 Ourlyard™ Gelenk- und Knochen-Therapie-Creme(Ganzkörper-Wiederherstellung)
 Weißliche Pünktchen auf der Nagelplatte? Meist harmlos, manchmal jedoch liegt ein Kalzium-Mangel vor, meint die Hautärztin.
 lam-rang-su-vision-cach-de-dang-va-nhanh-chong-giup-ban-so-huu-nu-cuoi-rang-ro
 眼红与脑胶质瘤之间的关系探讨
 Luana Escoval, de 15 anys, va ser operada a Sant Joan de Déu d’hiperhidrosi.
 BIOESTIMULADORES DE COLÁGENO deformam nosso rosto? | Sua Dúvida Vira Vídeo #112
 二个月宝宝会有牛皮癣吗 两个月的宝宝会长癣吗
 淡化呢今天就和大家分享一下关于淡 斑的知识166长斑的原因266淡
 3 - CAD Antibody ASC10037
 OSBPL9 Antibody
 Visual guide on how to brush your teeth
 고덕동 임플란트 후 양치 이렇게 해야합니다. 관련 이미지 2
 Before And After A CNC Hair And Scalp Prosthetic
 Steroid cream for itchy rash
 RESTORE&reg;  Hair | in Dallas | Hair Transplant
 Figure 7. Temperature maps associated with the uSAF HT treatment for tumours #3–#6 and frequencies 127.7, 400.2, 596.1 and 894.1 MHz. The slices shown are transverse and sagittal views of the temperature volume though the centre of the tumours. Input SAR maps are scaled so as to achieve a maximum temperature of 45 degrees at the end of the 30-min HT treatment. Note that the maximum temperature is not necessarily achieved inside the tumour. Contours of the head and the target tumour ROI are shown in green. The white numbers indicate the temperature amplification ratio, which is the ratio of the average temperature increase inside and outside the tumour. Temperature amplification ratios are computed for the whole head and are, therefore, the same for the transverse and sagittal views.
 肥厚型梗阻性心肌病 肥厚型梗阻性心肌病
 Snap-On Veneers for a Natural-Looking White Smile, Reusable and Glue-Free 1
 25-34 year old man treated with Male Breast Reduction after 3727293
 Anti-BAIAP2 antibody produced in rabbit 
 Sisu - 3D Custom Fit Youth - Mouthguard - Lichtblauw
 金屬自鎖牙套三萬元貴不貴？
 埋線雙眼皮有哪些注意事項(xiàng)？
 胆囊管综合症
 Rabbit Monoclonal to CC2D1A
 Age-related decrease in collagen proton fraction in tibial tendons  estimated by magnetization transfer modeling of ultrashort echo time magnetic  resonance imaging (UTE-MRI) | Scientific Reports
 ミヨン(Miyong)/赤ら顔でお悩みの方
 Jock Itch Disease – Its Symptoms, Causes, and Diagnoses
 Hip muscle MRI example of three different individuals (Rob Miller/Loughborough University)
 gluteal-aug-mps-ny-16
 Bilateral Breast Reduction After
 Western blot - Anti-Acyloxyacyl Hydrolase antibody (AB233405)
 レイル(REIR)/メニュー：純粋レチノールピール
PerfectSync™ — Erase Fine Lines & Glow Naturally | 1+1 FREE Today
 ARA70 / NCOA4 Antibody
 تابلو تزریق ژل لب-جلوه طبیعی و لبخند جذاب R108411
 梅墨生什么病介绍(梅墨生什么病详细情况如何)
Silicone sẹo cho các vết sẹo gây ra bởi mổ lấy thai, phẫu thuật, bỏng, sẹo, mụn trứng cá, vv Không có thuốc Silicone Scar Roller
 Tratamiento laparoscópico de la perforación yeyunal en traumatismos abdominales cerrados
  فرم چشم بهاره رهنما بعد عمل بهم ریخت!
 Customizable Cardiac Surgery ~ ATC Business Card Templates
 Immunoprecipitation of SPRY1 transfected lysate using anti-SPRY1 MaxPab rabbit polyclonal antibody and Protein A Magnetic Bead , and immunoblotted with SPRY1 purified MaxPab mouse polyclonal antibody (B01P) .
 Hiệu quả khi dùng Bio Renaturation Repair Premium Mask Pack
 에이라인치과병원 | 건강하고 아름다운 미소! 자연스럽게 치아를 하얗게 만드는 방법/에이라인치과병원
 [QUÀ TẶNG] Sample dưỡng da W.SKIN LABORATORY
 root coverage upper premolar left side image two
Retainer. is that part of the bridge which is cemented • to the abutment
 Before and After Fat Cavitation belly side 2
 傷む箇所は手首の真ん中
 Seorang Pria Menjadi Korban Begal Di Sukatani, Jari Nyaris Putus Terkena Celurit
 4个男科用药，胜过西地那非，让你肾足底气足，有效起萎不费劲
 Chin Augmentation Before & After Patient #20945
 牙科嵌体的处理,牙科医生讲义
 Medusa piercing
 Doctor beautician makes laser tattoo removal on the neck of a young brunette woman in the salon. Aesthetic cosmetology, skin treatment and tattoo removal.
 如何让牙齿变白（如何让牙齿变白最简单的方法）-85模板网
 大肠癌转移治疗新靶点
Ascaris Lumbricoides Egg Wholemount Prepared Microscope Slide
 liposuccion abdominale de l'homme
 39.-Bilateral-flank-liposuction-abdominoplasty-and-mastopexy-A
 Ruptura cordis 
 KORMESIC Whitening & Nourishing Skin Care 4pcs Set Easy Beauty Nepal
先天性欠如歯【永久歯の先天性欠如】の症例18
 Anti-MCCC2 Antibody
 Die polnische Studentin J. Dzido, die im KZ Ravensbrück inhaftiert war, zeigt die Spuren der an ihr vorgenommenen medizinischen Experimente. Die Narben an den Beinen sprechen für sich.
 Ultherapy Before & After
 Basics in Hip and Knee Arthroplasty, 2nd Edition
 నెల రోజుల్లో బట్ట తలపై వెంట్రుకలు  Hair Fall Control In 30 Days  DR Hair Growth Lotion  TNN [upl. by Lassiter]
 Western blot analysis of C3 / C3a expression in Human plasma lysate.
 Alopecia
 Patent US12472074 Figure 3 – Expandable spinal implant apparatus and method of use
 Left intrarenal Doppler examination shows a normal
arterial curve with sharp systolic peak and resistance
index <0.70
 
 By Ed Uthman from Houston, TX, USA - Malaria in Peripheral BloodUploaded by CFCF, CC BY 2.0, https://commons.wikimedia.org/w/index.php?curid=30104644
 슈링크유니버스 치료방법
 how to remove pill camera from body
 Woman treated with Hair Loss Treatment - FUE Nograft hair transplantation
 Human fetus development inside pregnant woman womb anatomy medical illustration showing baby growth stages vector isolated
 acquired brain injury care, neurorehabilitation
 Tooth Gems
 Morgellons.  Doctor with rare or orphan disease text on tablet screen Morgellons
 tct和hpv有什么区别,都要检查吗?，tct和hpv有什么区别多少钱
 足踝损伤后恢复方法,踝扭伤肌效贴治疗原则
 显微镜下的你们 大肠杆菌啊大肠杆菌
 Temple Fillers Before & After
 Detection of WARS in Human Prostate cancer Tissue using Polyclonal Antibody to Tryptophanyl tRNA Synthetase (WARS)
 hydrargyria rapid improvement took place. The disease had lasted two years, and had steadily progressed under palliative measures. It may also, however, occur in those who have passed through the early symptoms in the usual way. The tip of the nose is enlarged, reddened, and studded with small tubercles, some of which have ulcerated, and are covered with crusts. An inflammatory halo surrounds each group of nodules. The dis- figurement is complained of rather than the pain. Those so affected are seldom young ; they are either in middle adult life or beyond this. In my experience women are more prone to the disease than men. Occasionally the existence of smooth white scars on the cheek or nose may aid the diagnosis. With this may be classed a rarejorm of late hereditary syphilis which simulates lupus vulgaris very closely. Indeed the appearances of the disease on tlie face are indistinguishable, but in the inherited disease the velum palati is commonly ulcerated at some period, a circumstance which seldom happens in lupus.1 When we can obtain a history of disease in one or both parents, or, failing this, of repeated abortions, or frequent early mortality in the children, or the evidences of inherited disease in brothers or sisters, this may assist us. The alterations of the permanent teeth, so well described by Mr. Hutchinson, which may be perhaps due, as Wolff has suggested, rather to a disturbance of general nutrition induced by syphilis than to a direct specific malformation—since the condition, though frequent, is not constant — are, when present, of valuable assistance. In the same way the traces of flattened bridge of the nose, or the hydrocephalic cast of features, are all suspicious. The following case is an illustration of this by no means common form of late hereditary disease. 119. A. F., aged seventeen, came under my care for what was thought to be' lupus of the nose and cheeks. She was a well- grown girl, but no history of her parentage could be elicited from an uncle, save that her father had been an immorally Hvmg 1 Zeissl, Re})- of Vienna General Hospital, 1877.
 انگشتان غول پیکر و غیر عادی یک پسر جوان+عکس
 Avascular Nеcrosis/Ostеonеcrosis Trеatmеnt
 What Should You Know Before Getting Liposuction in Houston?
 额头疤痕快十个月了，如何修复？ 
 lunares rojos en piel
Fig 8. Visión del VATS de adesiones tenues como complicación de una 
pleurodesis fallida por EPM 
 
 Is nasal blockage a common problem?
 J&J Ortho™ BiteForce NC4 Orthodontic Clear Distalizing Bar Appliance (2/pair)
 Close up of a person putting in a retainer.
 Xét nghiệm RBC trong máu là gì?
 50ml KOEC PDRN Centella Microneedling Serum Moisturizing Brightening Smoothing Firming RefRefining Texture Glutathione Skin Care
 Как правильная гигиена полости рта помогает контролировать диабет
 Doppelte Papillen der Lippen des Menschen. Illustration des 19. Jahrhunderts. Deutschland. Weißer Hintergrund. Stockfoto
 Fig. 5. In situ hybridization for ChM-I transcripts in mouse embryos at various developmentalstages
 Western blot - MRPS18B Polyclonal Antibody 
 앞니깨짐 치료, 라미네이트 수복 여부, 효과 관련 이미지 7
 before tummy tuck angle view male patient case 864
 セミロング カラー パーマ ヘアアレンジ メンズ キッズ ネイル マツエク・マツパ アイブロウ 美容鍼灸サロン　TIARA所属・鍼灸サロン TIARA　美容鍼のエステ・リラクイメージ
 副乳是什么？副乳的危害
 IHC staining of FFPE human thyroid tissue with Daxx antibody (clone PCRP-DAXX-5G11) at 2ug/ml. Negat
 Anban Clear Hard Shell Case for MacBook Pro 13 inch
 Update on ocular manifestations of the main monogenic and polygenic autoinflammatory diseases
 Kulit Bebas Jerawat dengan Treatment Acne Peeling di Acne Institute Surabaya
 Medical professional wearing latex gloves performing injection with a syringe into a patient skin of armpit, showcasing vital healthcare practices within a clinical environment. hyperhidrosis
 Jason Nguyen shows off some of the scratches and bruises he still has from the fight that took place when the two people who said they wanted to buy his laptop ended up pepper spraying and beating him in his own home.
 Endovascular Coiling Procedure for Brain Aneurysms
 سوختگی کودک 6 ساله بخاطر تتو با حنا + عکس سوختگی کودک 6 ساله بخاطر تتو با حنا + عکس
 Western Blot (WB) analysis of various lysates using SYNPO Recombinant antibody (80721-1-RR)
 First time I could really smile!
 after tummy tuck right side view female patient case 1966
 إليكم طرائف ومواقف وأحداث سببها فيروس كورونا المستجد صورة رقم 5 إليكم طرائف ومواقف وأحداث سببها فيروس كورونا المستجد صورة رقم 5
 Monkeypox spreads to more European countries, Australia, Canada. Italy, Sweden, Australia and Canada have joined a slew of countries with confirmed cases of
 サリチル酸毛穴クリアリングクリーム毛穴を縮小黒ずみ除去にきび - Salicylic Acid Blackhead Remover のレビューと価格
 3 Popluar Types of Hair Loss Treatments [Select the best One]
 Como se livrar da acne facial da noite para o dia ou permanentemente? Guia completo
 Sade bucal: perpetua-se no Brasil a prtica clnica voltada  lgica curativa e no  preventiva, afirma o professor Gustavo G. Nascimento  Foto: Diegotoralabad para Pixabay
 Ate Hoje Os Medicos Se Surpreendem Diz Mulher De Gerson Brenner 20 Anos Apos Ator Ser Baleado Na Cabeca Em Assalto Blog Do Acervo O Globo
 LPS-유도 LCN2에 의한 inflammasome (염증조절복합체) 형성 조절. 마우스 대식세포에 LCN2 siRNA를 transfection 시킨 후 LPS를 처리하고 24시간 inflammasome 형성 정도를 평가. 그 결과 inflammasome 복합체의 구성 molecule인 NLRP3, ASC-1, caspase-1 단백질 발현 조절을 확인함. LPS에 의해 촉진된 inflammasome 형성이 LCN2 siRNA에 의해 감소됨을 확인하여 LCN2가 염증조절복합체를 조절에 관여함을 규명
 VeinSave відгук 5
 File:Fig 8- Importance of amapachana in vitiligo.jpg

**Required work:**
Starting at the line with "Ate Hoje Os", restate every line word for word through the end of the listing above.

**Output for this exercise:**
 Ate Hoje Os Medicos Se Surpreendem Diz Mulher De Gerson Brenner 20 Anos Apos Ator Ser Baleado Na Cabeca Em Assalto Blog Do Acervo O Globo
 LPS-유도 LCN2에 의한 inflammasome (염증조절복합체) 형성 조절. 마우스 대식세포에 LCN2 siRNA를 transfection 시킨 후 LPS를 처리하고 24시간 inflammasome 형성 정도를 평가. 그 결과 inflammasome 복합체의 구성 molecule인 NLRP3, ASC-1, caspase-1 단백질 발현 조절을 확인함. LPS에 의해 촉진된 inflammasome 형성이 LCN2 siRNA에 의해 감소됨을 확인하여 LCN2가 염증조절복합체를 조절에 관여함을 규명
 VeinSave відгук 5
 File:Fig 8- Importance of amapachana in vitiligo.jpg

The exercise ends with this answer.